A Marriage Penalty Still Applies for High Earners and Very Low Earners
While the recently passed Tax Cut and Jobs Act (TCJA) eliminates the marriage penalty for many couples, some couples will see still this penalty.
What is a marriage penalty? Couples incur a marriage tax penalty when their combined income results in a larger tax bill than if each had filed as a single taxpayer and totaled their individual income taxes.
Some couples also get a marriage bonus
What is a marriage bonus? A tax bonus can happen when two individuals with unequal incomes marry. If a high-income individual marries a low-income individual, the couple can get a smaller tax on their combined income compared to the total tax they would pay if each filled as a single taxpayer.

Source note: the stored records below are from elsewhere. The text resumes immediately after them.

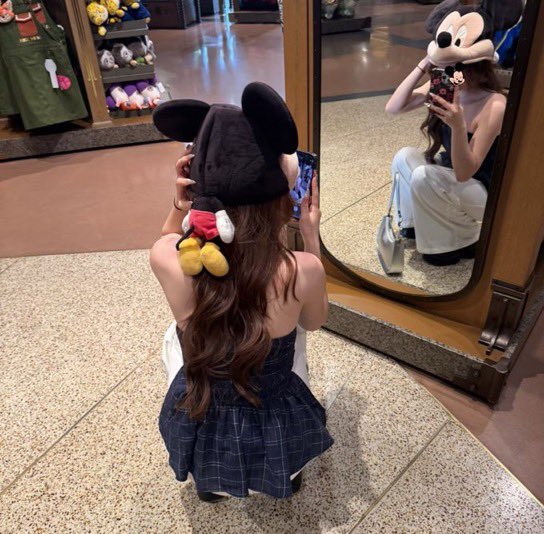 ashitaka_black's tweet photo. ディズニーで顔を映さない撮り方がｶﾜｲｽｷﾞﾙ🐭🏰✨ https://t.co/OYVRp5eTIz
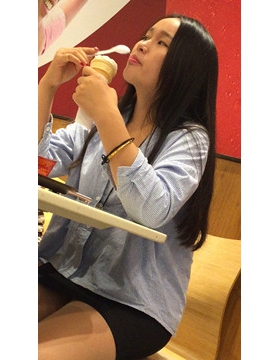 尖嘴高跟鞋肉丝OL包臀裙美女在吃甜筒，动作诱惑吗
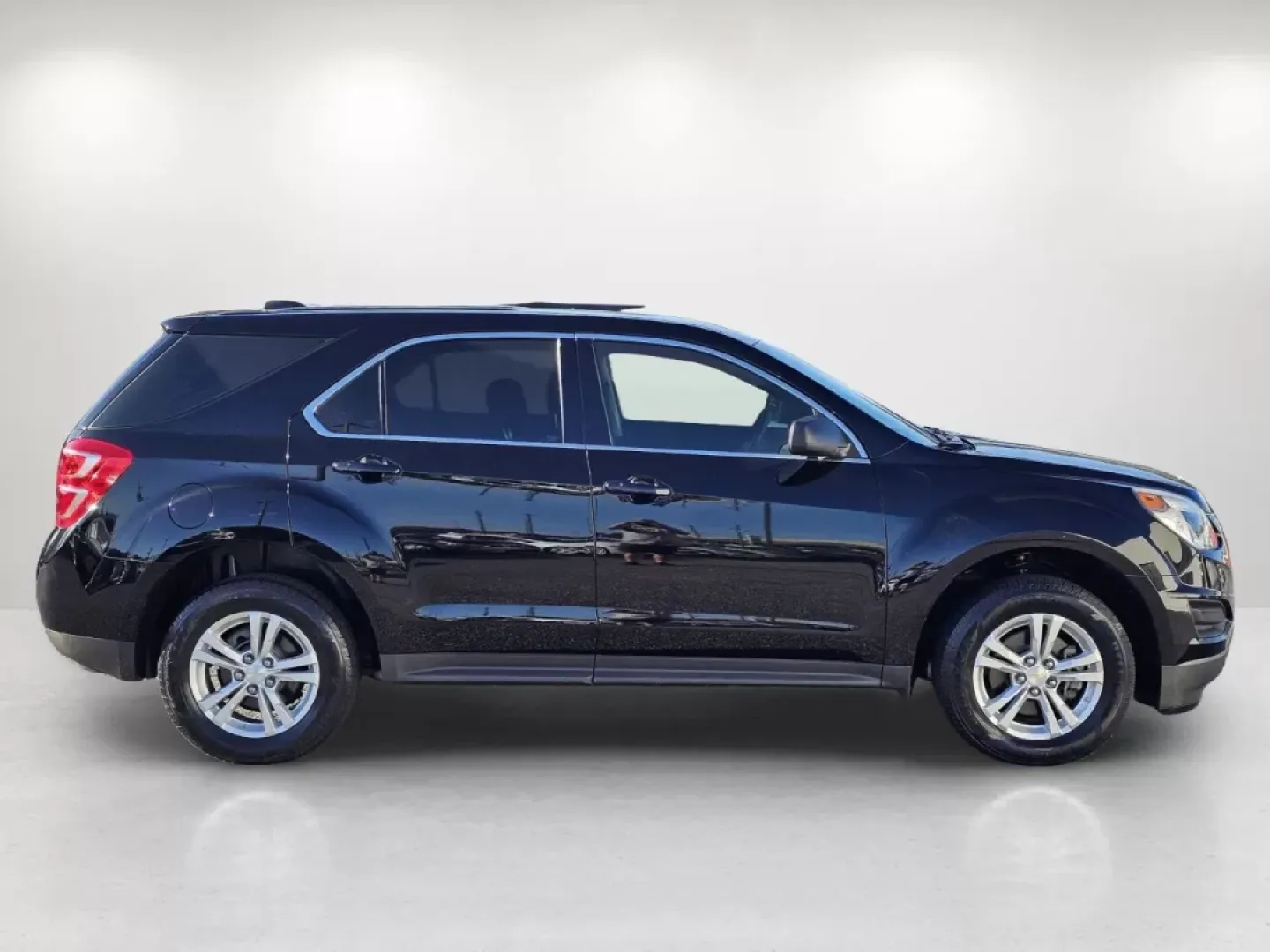 2017 /Jet Black Chevrolet Equinox LS (2GNALBEK8H1) with an Other engine, located at 7000 Northlake Connector, Columbus, GA, 31904, (706) 987-8085, 32.524975, -84.978134 - **Experience the Perfect Blend of Style and Functionality with the 2017 Chevrolet Equinox LS at Gils Auto!**<br /> <br /> Are you ready to elevate your daily commute or family adventures? The 2017 Chevrolet Equinox LS is the ideal SUV for those who want a blend of comfort, style, and functionality. - Photo#3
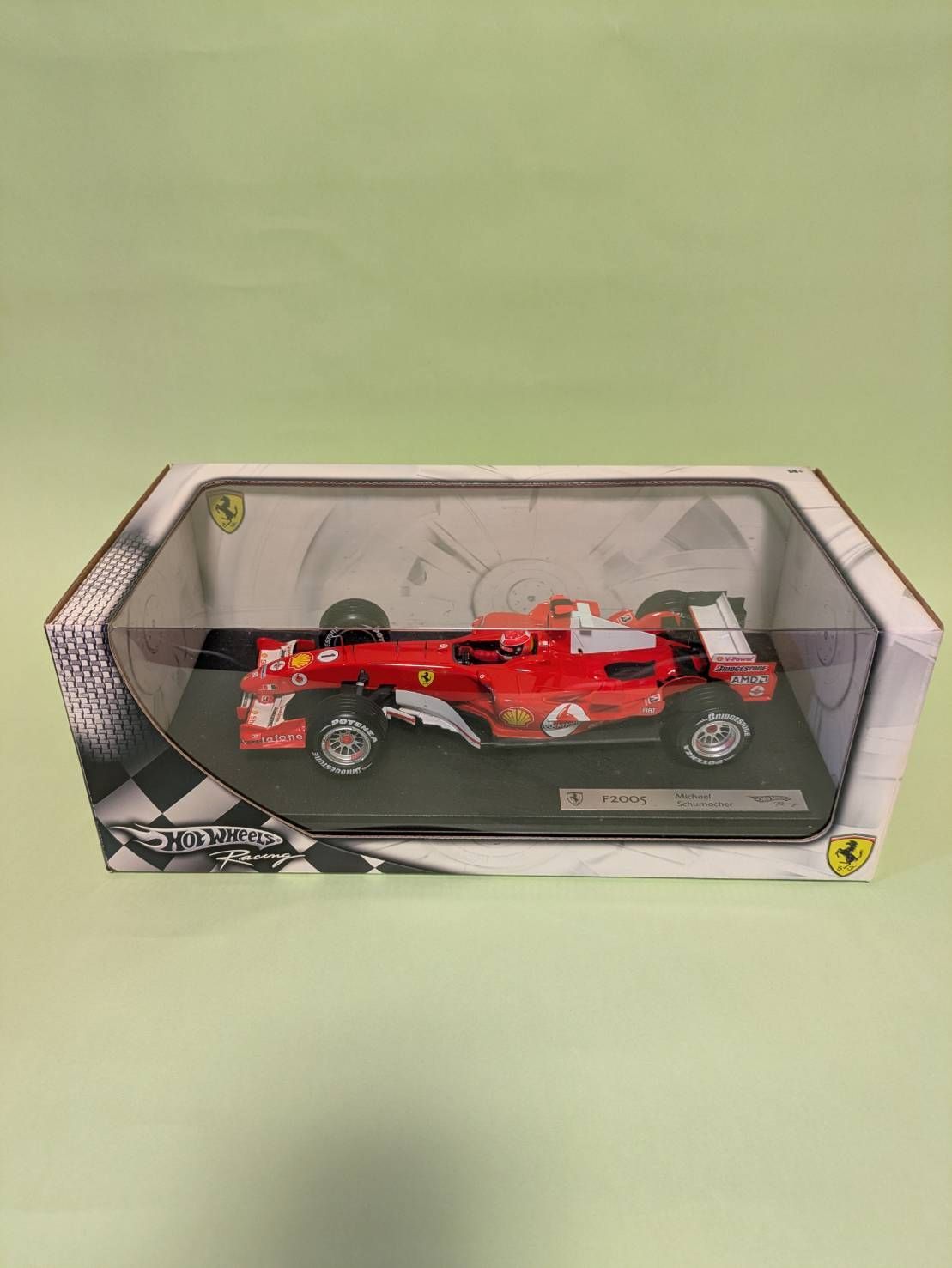 苦戦の1年…1/18 マテルフェラーリF2005 シューマッハ - メルカリ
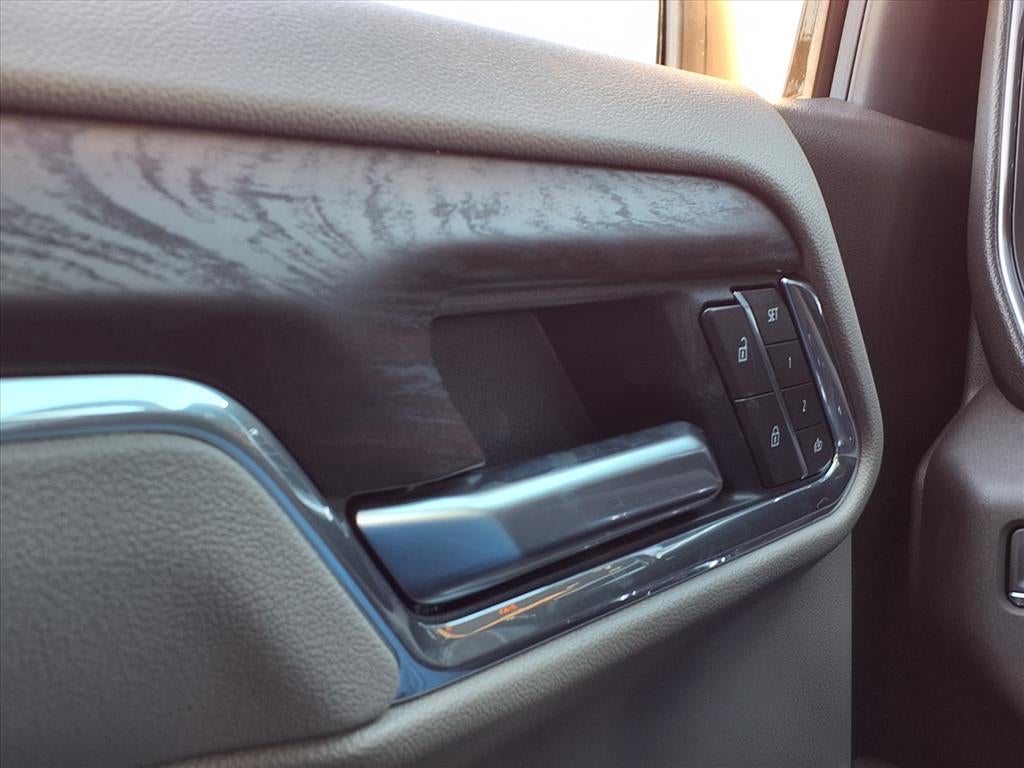 2026 GMC Sierra 1500 SLT Crew Cab Short Box 4WD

How the TCJA affects the marriage penalty and bonus
The TCJA did not specifically address the marriage penalty. The act did not reform taxes it just cut some individual and corporate taxes. The tax cuts for individuals occur due to the new regulation’s changes to the tax brackets and standard deductions.
The Washington DC-based Tax Foundation crunched numbers and discovered that only high-income and very low-income married couples will incur a marriage penalty. At this link, you can read the Tax Foundations complete analysis of the marriage penalties and bonuses under the TCJA.
High-income couples earning jointly more than $400,000, get a marriage penalty due to the new law’s tax bracket changes. In the past, even moderate-income tax filers received a marriage penalty. Now the tax law has effectively eliminated the marriage penalty except for those with higher income.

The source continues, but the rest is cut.